Изменить стиль страницы

Высокий, чистый смех донесся из озаренной красным двери, ведущей в кузницу, а у нее не было посоха. Дыхание застряло в горле Джанн, но она заставила себя пошевелиться. Ее руки шарили в воздухе. Место было захламлено, поэтому посох — и так неважное оружие — был здесь просто бесполезен, но все же его потеря казалась слишком большой утратой. Она сказала себе, что это была всего лишь ржавая, бесполезная палка, пригодная только для Токуиновой печи, где переплавляли металлолом, но чувство, что она утратила часть себя, не покидало ее, и она переместилась подальше от двери кузницы. Нагроможденные друг на друга ящики и бочки были сплошь в углах и острых гранях, без успокаивающих кругов, и она чувствовала, как в груди что-то толкается и дергается, желая эхом повторить смех, который она услышала.
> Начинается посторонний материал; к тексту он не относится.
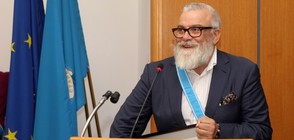Владо Пенев получи отличие “Почетен гражданин на София“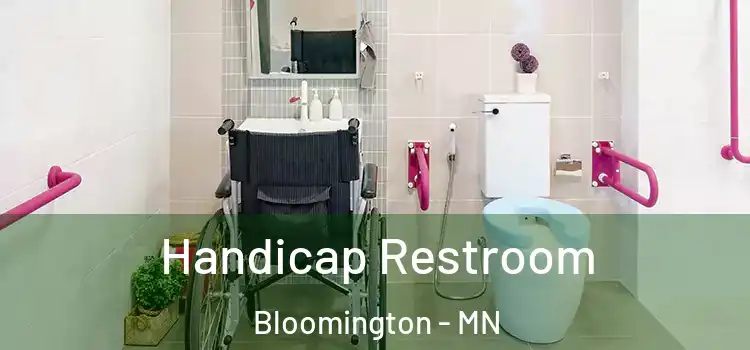  Handicap Restroom Bloomington - MN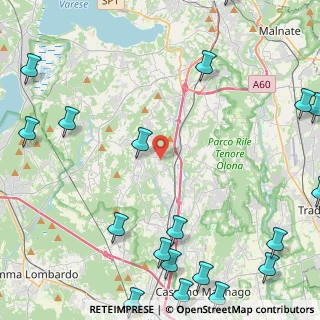 Mappa Via Milano, 21040 Sumirago VA, Italia (7.0455)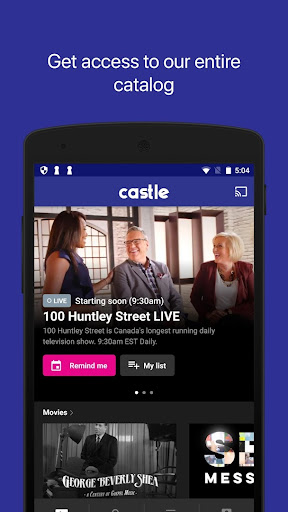 Castle TV PC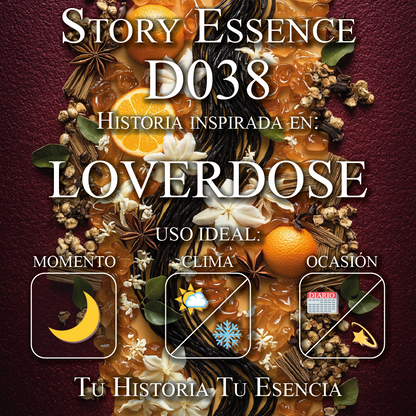 D038 - Inspirado en Loverdose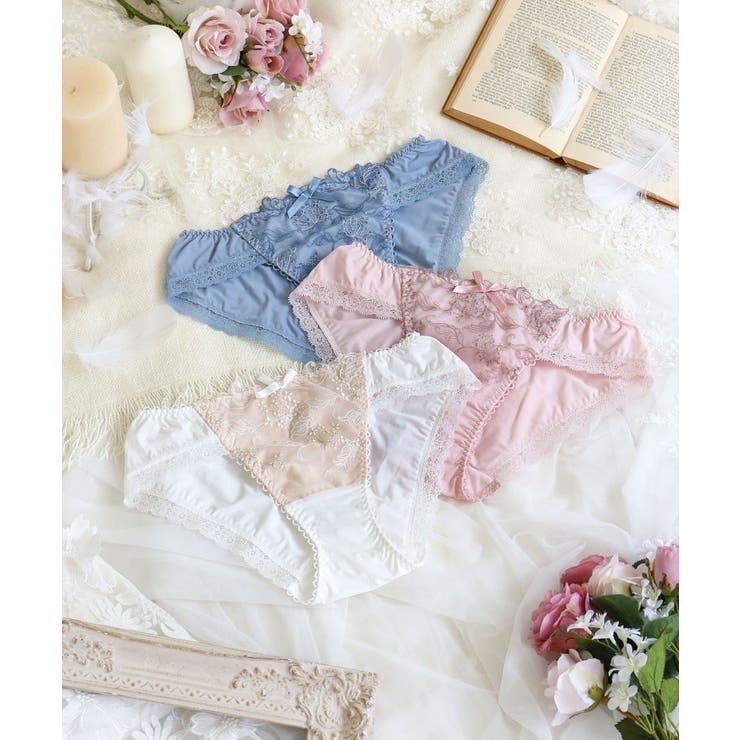 ナンシー ノーマルショーツ | Risa Magli | 詳細画像1 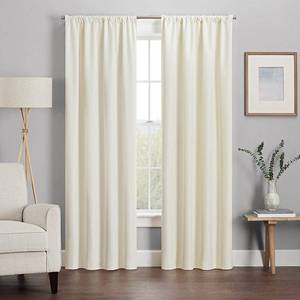 lot 9827 image: Eclipse Kendall 42 x 84 Blackout Curtain Panel
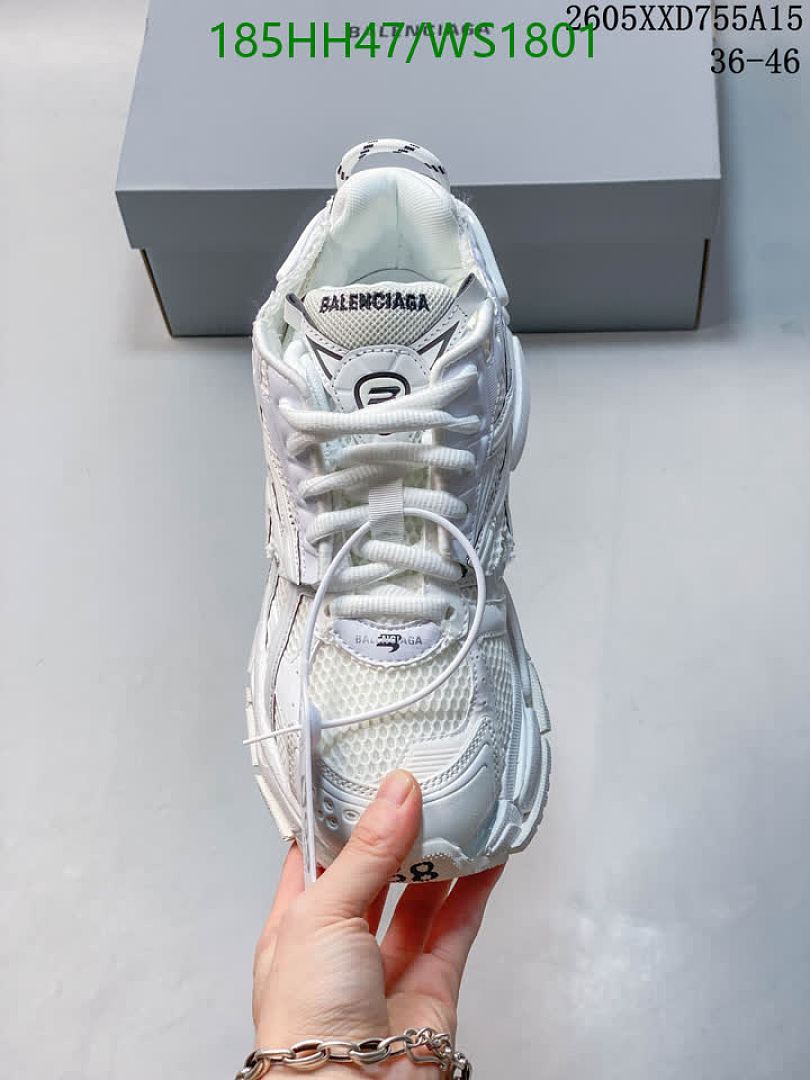 Balenciaga-Men shoes Code: WS1801 $: 185USD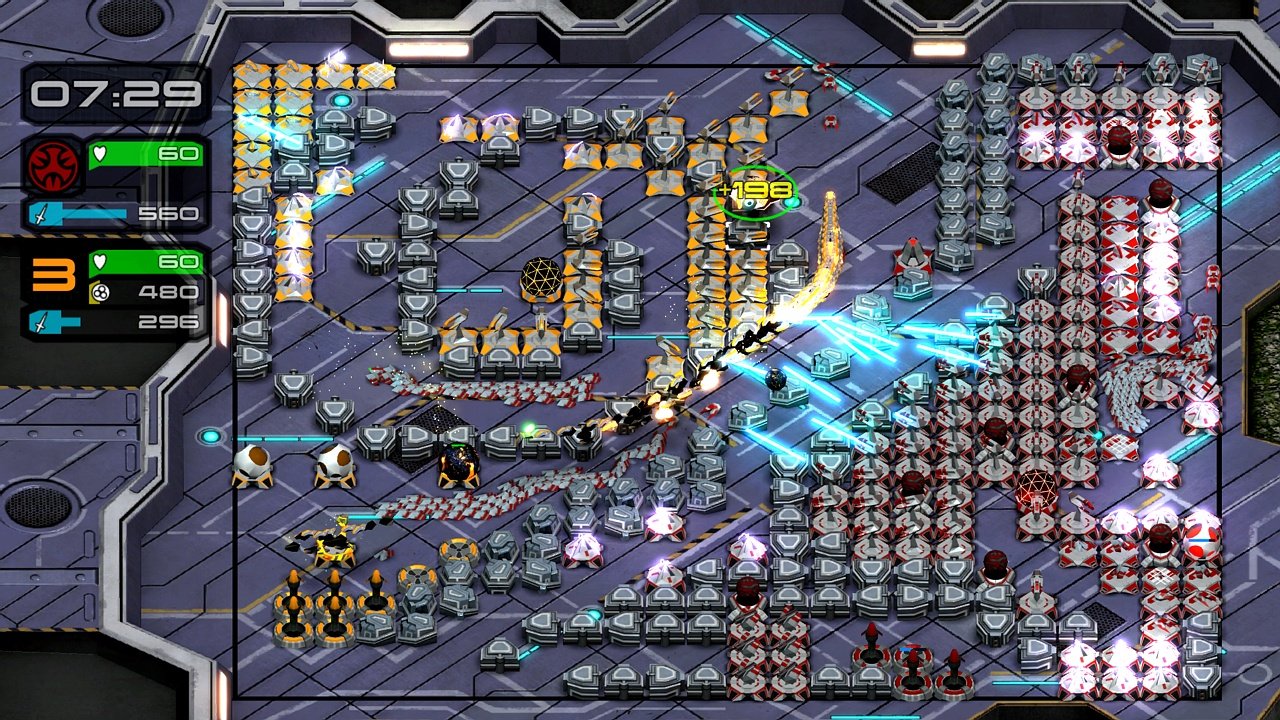 Скриншот из игры Comet Crash - 7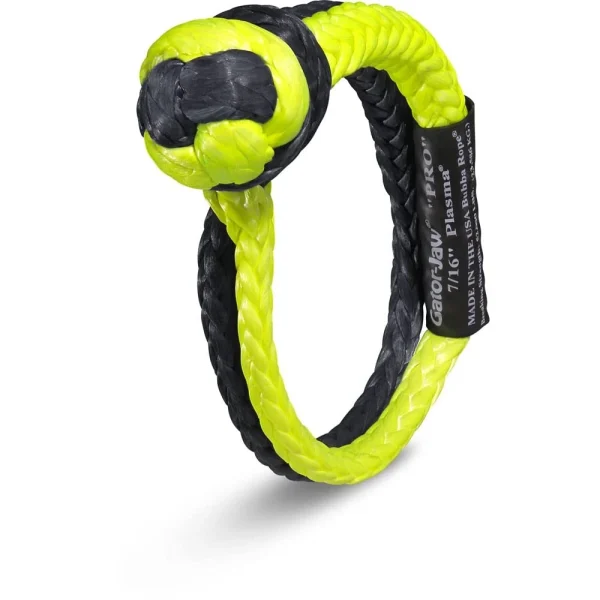 Bubba Rope 5/8" Mega Gator-Jaw PRO Synthetic Soft Shackle (176748PRO)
— Он должен сражаться сам, — прошелестел голос Мерлок у ее плеча, и, хотя Джанн попыталась было дернуться и закричать от неожиданности, она смогла лишь вздрогнуть и выдохнуть. Джанн повернулась в пол-оборота, и Мерлок вложила скрученную палку ей в руки.

— Не нужно оставлять посох в траве — так же, как и копье, моя маленькая двоюродная сестра, — прошептала Мерлок. Ее голос двоился, отдаваясь эхом. — Хорошо было бы, если бы ты бежала рядом, младшая, если б ты осталась со мной. Зеленое и белое над деревьями…

С точки зрения Джанн в этой фразе не было смысла, но слова возымели некую странную власть над ней, и она запрокинула голову, как будто могла посмотреть вверх, сквозь толстые стены и крышу, и увидеть ночное небо, где горело зеленое и белое…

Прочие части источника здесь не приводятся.